Granulomatosis With Polyangiitis Presenting With Kidney Failure: A Case Report.
Konrad Haraziński, Weronika Goliat, Michalina Goliat-Mazurek, Dominik Mazurek, Izabela Jastrzebska, Anna Kaput, Kamil Poreba, Marcel Bobinski, Alicja Czyszczon, Aneta Tkaczyk
Abstract
Open AccessGranulomatosis with polyangiitis (GPA) is a rare and serious disease associated with antineutrophil cytoplasmic antibody (ANCA) antibodies.

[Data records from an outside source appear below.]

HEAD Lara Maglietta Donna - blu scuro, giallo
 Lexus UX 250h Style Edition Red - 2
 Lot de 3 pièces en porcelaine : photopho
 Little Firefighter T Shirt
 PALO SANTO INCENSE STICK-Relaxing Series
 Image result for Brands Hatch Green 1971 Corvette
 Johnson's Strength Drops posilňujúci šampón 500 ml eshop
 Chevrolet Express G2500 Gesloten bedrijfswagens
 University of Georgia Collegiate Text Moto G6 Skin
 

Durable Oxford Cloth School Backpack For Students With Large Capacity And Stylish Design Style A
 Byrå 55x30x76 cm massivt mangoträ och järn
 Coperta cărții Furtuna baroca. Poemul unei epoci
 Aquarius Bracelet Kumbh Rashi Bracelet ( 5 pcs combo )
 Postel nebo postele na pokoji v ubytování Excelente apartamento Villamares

It can involve the kidneys and respiratory tract and may present as a pulmonary-renal syndrome. This report presents the case of a 57-year-old man admitted to the nephrology department with acute renal failure and systemic symptoms, including low-grade fever, malaise, and abdominal pain. During hospitalization, laboratory tests revealed rapidly progressive renal failure, elevated inflammatory markers, and oliguria. A subsequent kidney biopsy confirmed pauci-immune necrotizing glomerulonephritis, and serology was positive for PR3-ANCA, supporting the initial diagnosis of GPA. Immunosuppressive therapy was initiated and later adjusted due to complications. Despite these challenges, the patient's clinical status improved, and he was discharged in stable condition.